### [WHAT IS NEEDED]
Your answer must be an exact copy of the records, minus any pictures.

### [INPUT]
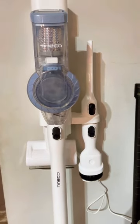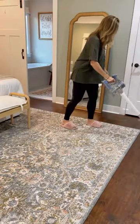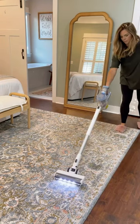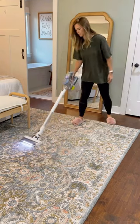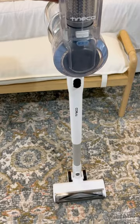My favorite part about this vacuum is the zero tangle technology, so no hair gets tangled around the brush roll, which is a must-have for me. It's lightweight so you can easily take it up and down the stairs, and it even has LED lights, which is great for cleaning under furniture or dark spaces. This is one of the best cordless vacuums I've ever used at such an affordable price.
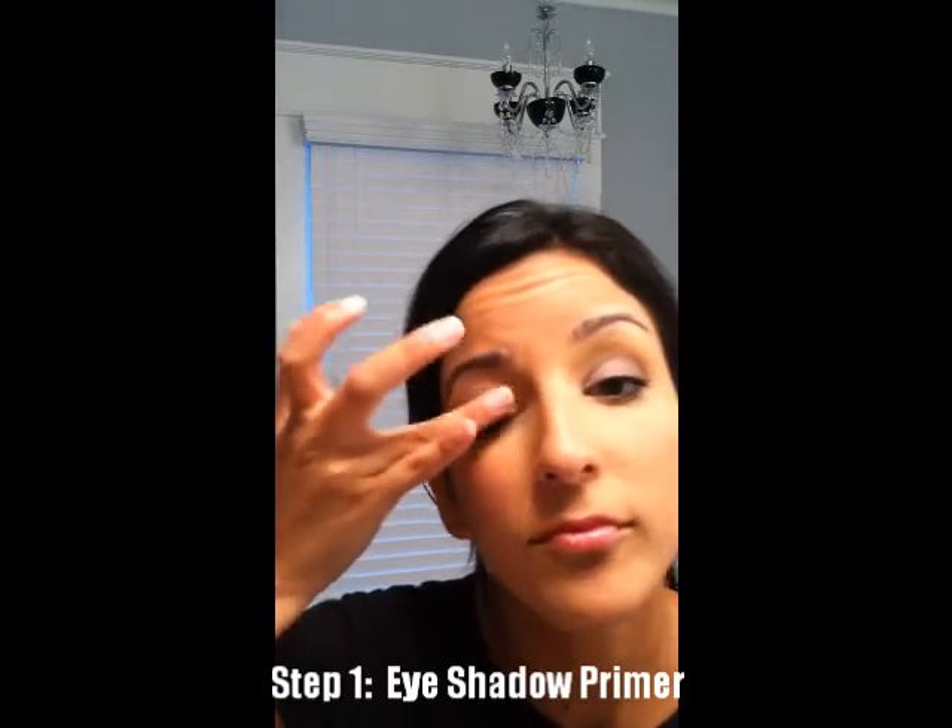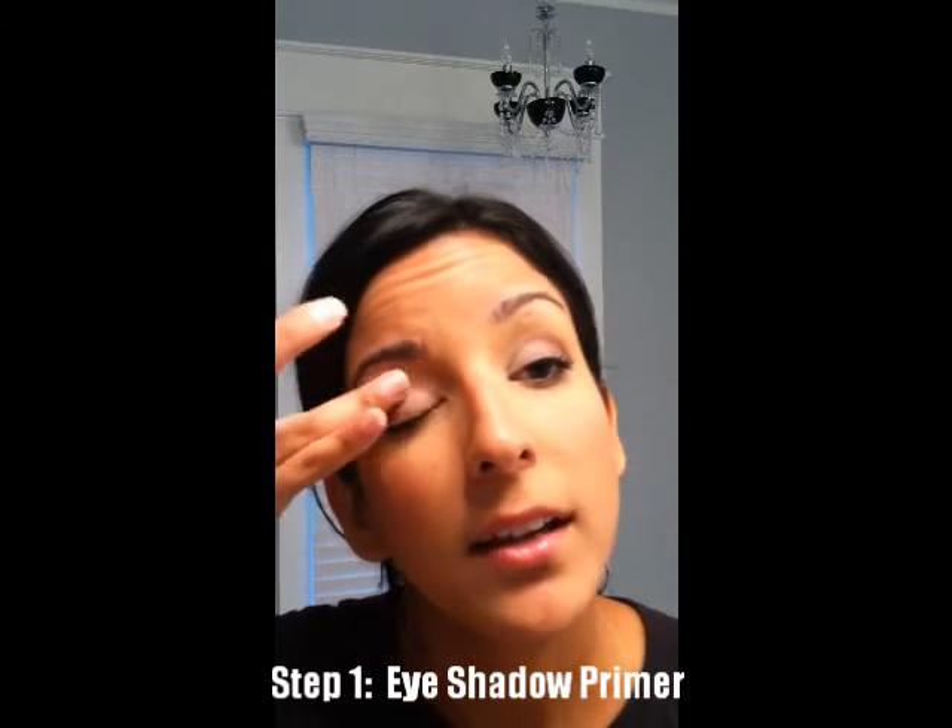So what we want to do is take a little bit of that primer — a little bit goes a very long way — and you're just going to put that on your lid all the way up to your brows. And speaking of your brows, you definitely want to make sure that they're neat and tidy, because once you do this beautiful eyeshadow look and your eyebrows don't look so hot, it's going to ruin the whole look. So make sure you pluck or get your eyebrows done.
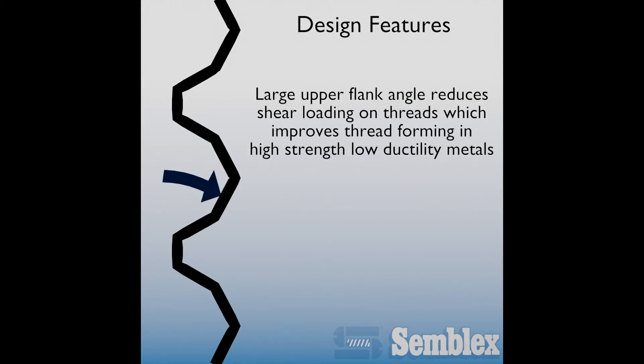These fins also act as a locking feature, increasing Roelock HS's resistance to vibration loosening. Roelock HS's thread design features include a large upper flank angle to reduce shear thread loads, which improves performance in high-strength and low-ductility metals.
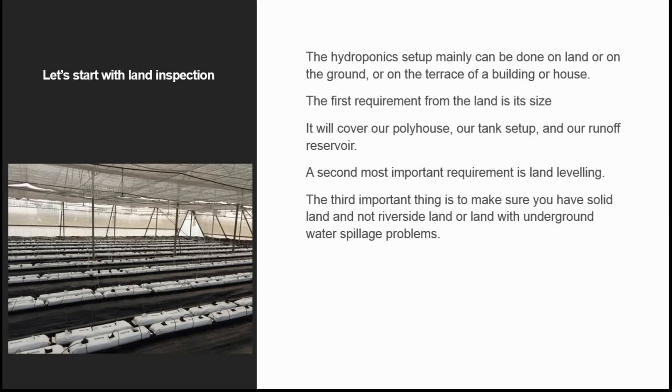In this video, let's start with land inspection for hydroponics. The hydroponic setup mainly can be done on land or on the ground, or on the terrace of a building or house.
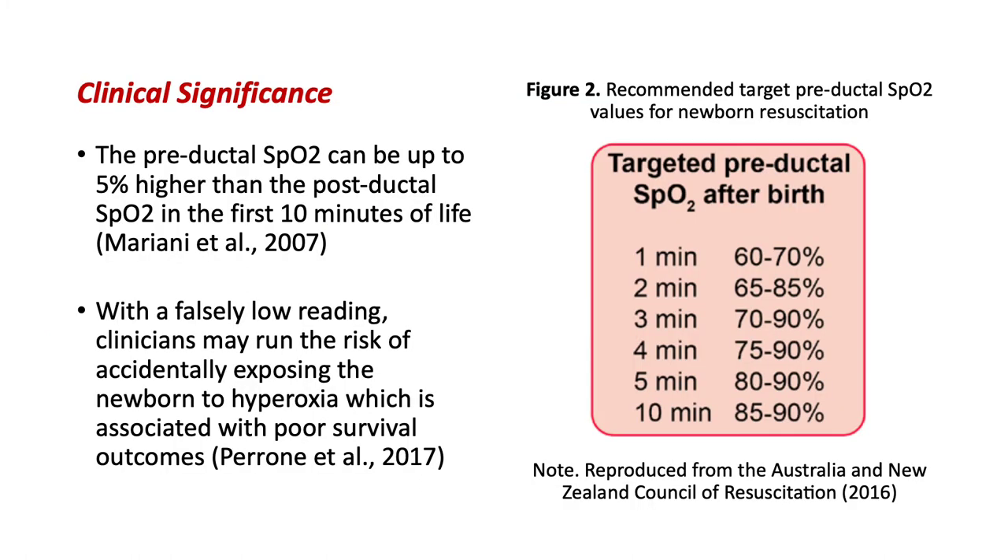So what's the clinical significance of all that? Well, early studies have shown that the pre-ductal oxygen saturation reading can be up to 5% higher than the post-ductal in the first 10 minutes of life. So if you're going to take a reading off baby's left foot, you're going to get a falsely low reading. And 5% doesn't really sound like a big deal, but when you're talking about newborn resuscitation, it's really important to get a good proxy measure of that cerebral oxygenation so we don't accidentally give this baby oxygen toxicity. Studies have shown that even brief exposures of hyperoxia are associated with pretty significant short and long-term morbidity for that baby.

### [TASK OUTPUT]
My favorite part about this vacuum is the zero tangle technology, so no hair gets tangled around the brush roll, which is a must-have for me. It's lightweight so you can easily take it up and down the stairs, and it even has LED lights, which is great for cleaning under furniture or dark spaces. This is one of the best cordless vacuums I've ever used at such an affordable price.
So what we want to do is take a little bit of that primer — a little bit goes a very long way — and you're just going to put that on your lid all the way up to your brows. And speaking of your brows, you definitely want to make sure that they're neat and tidy, because once you do this beautiful eyeshadow look and your eyebrows don't look so hot, it's going to ruin the whole look. So make sure you pluck or get your eyebrows done.
These fins also act as a locking feature, increasing Roelock HS's resistance to vibration loosening. Roelock HS's thread design features include a large upper flank angle to reduce shear thread loads, which improves performance in high-strength and low-ductility metals.
In this video, let's start with land inspection for hydroponics. The hydroponic setup mainly can be done on land or on the ground, or on the terrace of a building or house.
So what's the clinical significance of all that? Well, early studies have shown that the pre-ductal oxygen saturation reading can be up to 5% higher than the post-ductal in the first 10 minutes of life. So if you're going to take a reading off baby's left foot, you're going to get a falsely low reading. And 5% doesn't really sound like a big deal, but when you're talking about newborn resuscitation, it's really important to get a good proxy measure of that cerebral oxygenation so we don't accidentally give this baby oxygen toxicity. Studies have shown that even brief exposures of hyperoxia are associated with pretty significant short and long-term morbidity for that baby.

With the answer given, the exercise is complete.